De plus, la nouvelle insiste sur l’écart d’éducation qui existe entre les locaux et les citadins, cause du scepticisme à l’égard de cette affaire. Elle l’exprime hors dialogue, elle y revient dans les très rares passages dialogués où Pierce s’exprime (Exemple : Dun't go out thar," he whispered. "They's more to this nor what we know. Nahum said somethin' lived in the well that sucks your life out. He said it must be some'at growed from a round ball like one we all seen in the meteor stone that fell a year ago June. Sucks an' burns, he said, an' is jest a cloud of colour like that light out thar now, that ye can hardly see an' can't tell what it is.

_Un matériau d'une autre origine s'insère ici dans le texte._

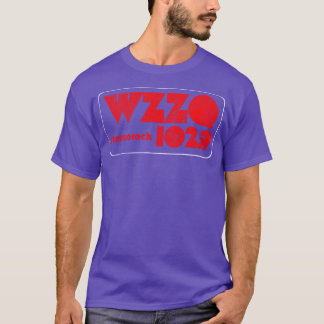 Camiseta WZQ Stereorock Jackson Mississippi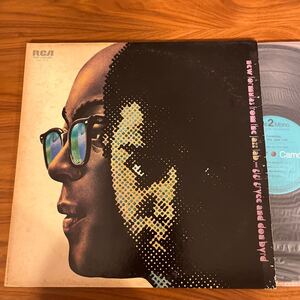 ジジ・グライスとドナルド・バード GIGI GRYCE DONALD BYRD / ニュー・フォーミュラ・フロム・ジャズ・ラブ 国内盤LP 盤良好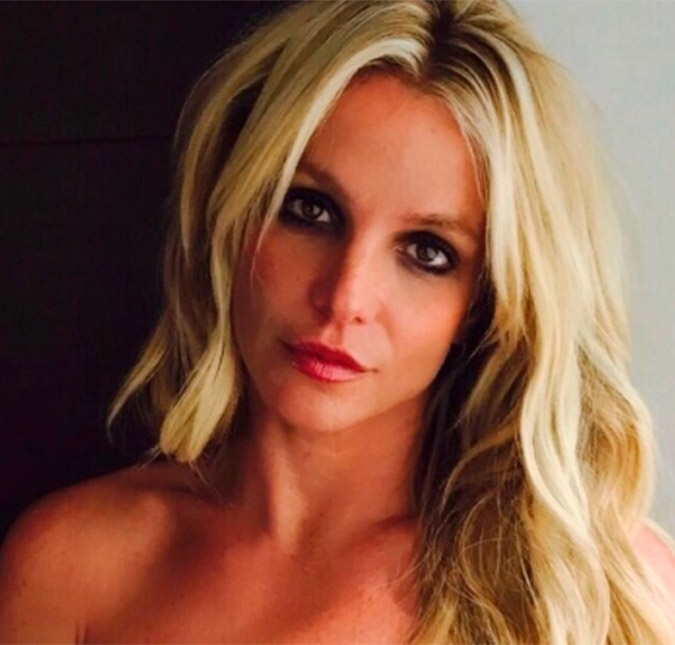 Britney Spears rebate críticas à sua voz: <I>- Eu canto ao vivo o tempo inteiro</I>!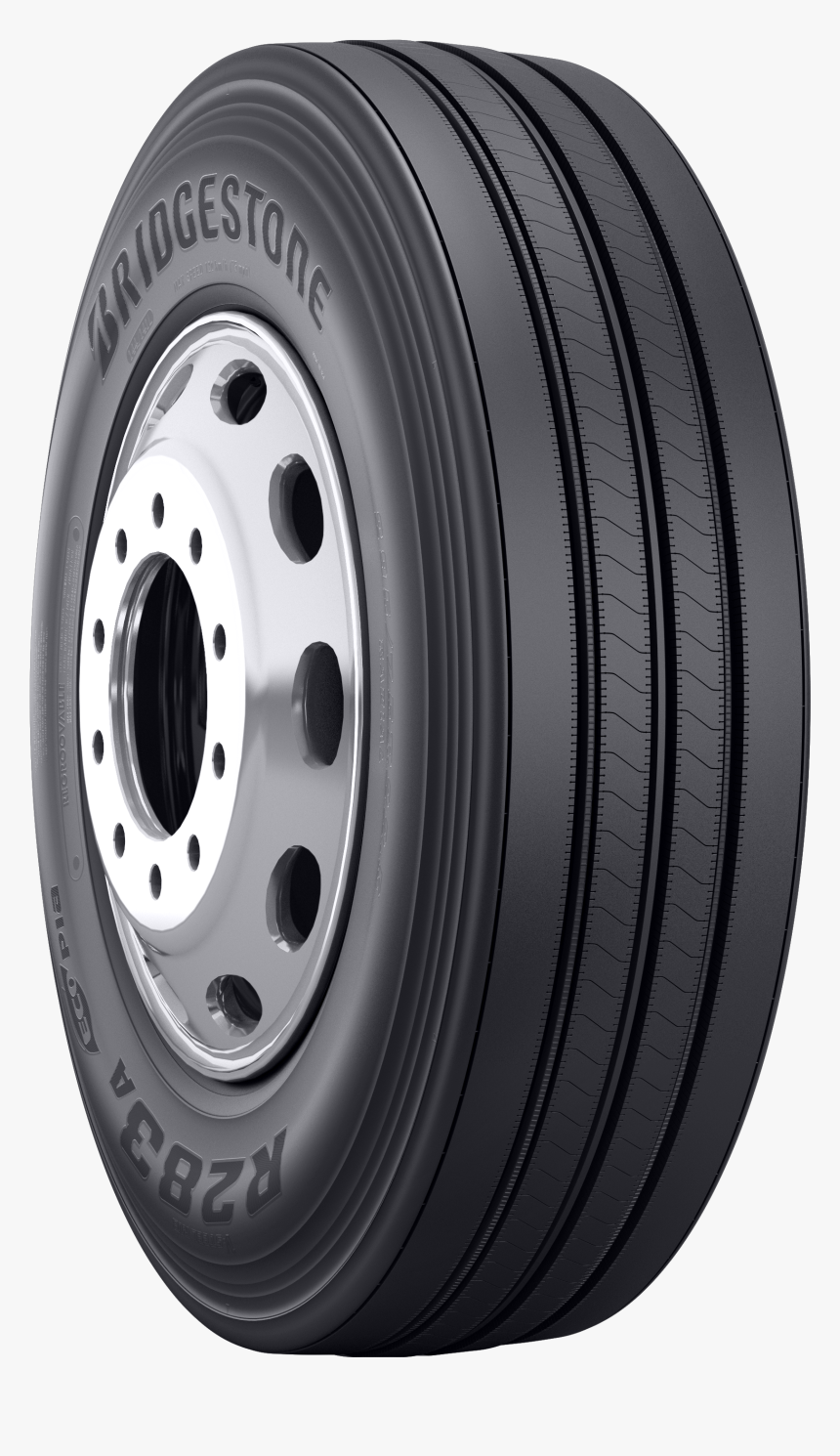 Bridgestone R283a, HD Png Download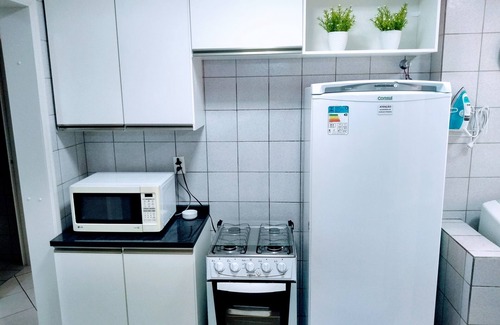 Centro Apartment | APARTMENT BLOCK FROM THE SEA, BARBECUE, PRIVATE ROOM, AIR CONDITIONING, SAC.JAN/TELAS, WIFI, CABLE TV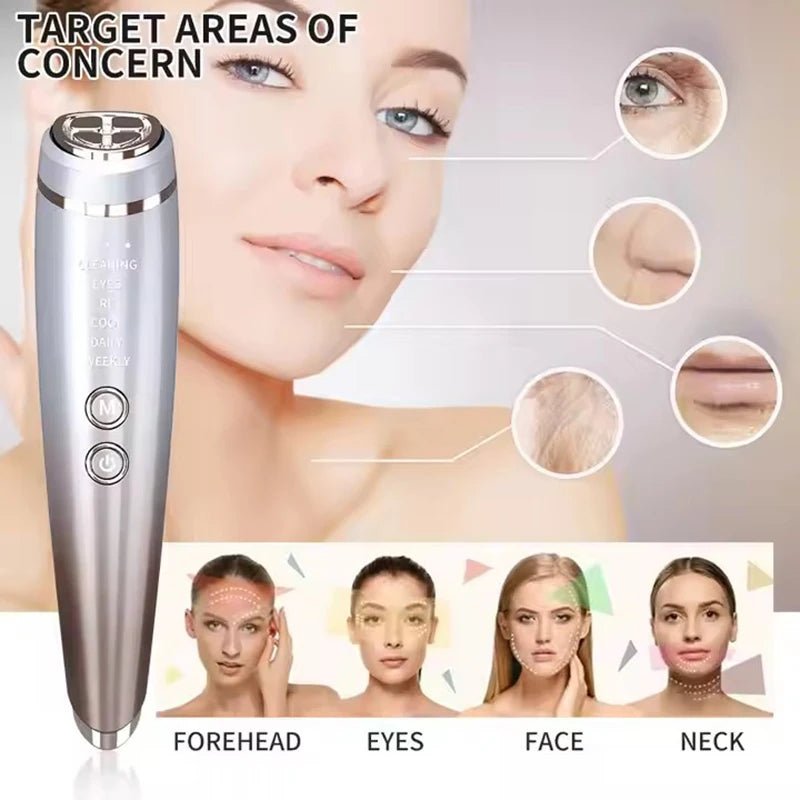 EMS High Frequency Facial Massager - Tucan Trading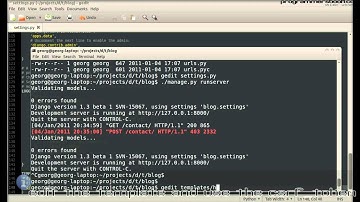 CSRF in Forms - Full Web Framework Python Django Tutorial XVI Blog - Windows/Linux/Ubuntu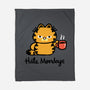One Moar Game-None-Fleece-Blanket-Wenceslao A Romero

Nahum thought it feeds on everything livin' an' gits stronger all the time. He said he seen it this last week. It must be somethin' from away off in the sky like the men from the college last year says the meteor stone was. The way it's made an' the way it works ain't like no way o' God's world. It's some'at from beyond.").
Ce ton n’est pas repris dans la BD et une dimension est alors perdue.

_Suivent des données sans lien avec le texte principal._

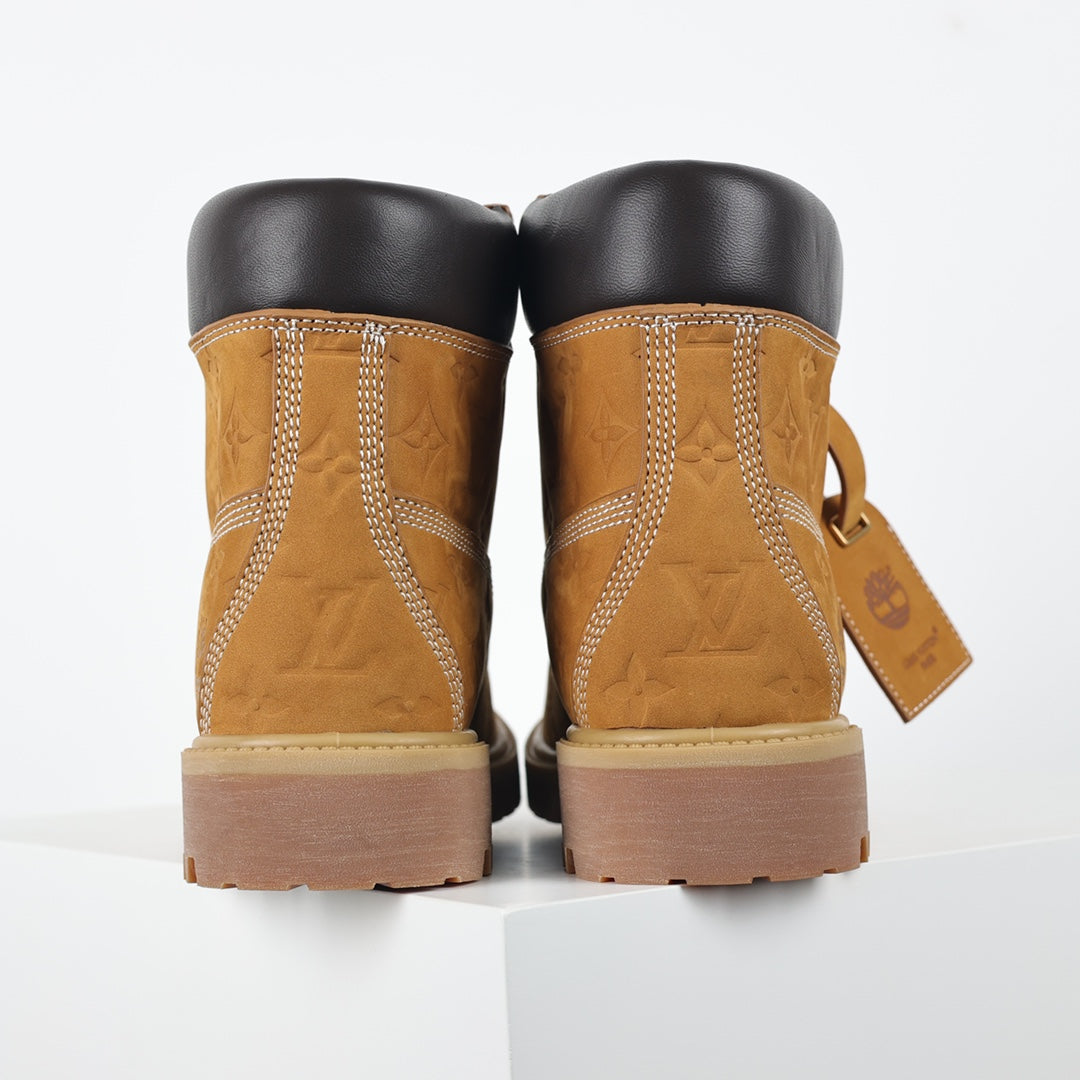 Stivaletto alla caviglia LV x Timberland 
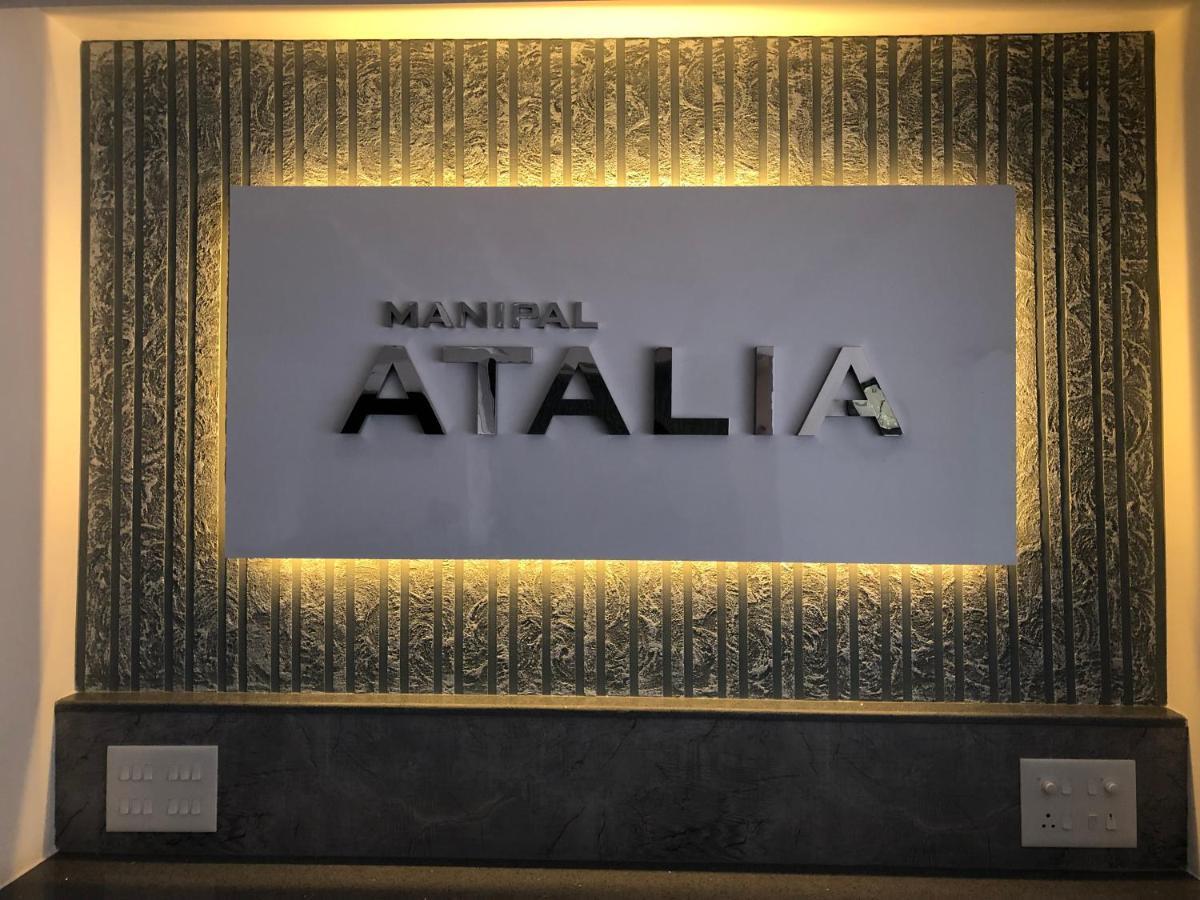 Manipal Atalia Service Apartments 외부 사진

Enfin, et c’est clairement le plus important, tout tourne ici autour d’une étrange couleur, et l’album est en NB. Tous les efforts de Tanabe pour rendre visible la couleur tombée du ciel se heurtent à l’impossibilité créée par ce choix même.

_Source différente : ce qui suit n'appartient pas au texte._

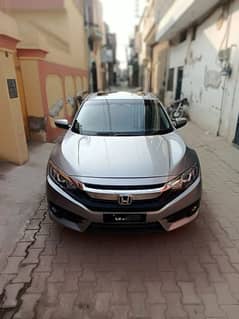 Honda Civic VTi Oriel Prosmatec 2017/2018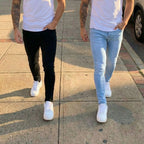 Kit Calça Jeans Skinny Original: O Jeans Que Estica e Não Deforma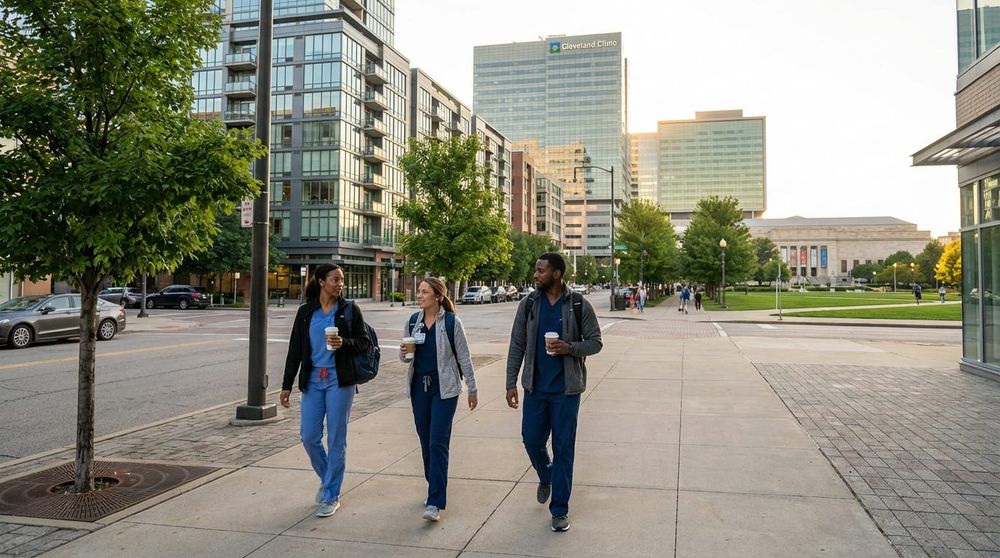 The University Circle Area Real Estate Guide for Healthcare Workers: What's Changed in 2026 and What It Means for Your Housing Decision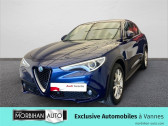 Alfa romeo Stelvio occasion année 2019 Annonce Alfa romeo Stelvio occasion Diesel STELVIO MY19 2.2 DIESEL 160 CH à Vannes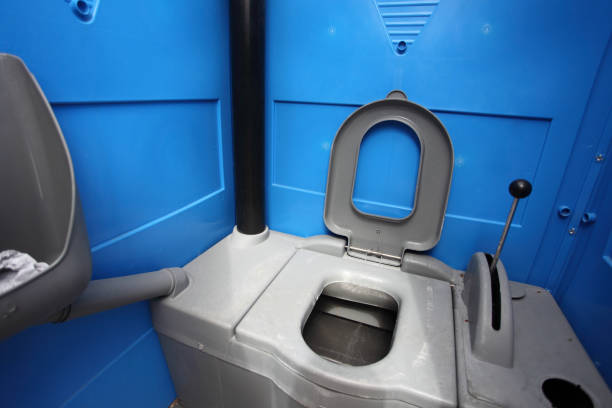 Best Sanitation services for porta potties  in Portage, WI
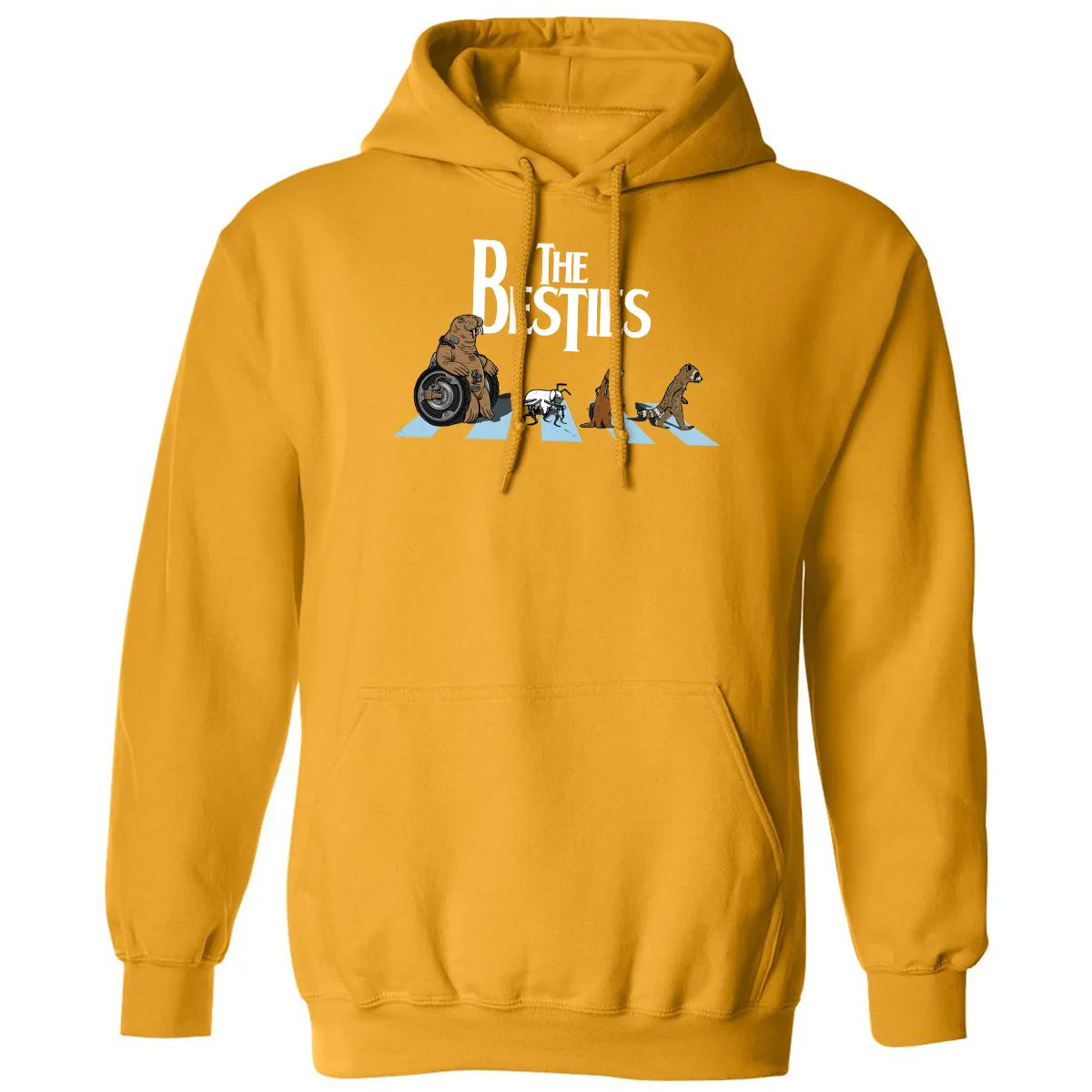 Classic Unisex Hoodie - 3DVJ7EFN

A l’arrivée il y a une histoire qu’on découvre si on ne la connaissait pas, dans laquelle on se replonge si on la connaissait, mais qui, dans un cas comme dans l’autre, ne parvient pas à susciter l’émotion intense qu’on éprouve à la lecture de la nouvelle.

La couleur tombée du ciel, Gou Tanabe d’après Lovecraft 

 L'avis de Feyd Rautha

Commentaires

chéradénine a dit…
Ayant beaucoup aimé l'adaptation des Montagnes Hallucinées de Tanabe et nettement moins les autres (même si j'ai pu redécouvrir L'appel de Cthulhu, nouvelle donnée comme culte et qui ne m'avait pas franchement transportée au regard d'autres textes), la Couleur tombée du ciel apparaissait comme un texte ingrat à adapter. Au final, je ne pense pas que les tentatives de représenter la "couleur" fassent partie du problème et encore moins le noir et blanc, qui au contraire permet de réintégrer un peu d'imagination dans la lecture, même si c'est vraiment dans les Montagnes que ce style figurativo-torturo-brumeux faisait des merveilles (et moins avec Dans l'abime du temps où le figuratif l'emportait plus, j'ai l'impression). J'ai par contre le sentiment que cette adaptation parait trop linéaire et exhaustive, peinant à créer son propre élan.
Je n'ai pas encore lu sa version de Celui qui hantait les ténèbres ou d'Insmouth, mais j'ai perdu mon entrain, malgré le sacerdoce de Tanabe.

Etant sorti mitigé de son Je suis d'ailleurs "The Outsider" il y a longtemps, je dois admettre qu'il a considérablement perfectionné son art. Reste que le choix des textes à adapter compte aussi.
Gromovar a dit…
D'accord avec toi, le texte choisi compte beaucoup. Tout n'est pas adaptable facilement chez HPL.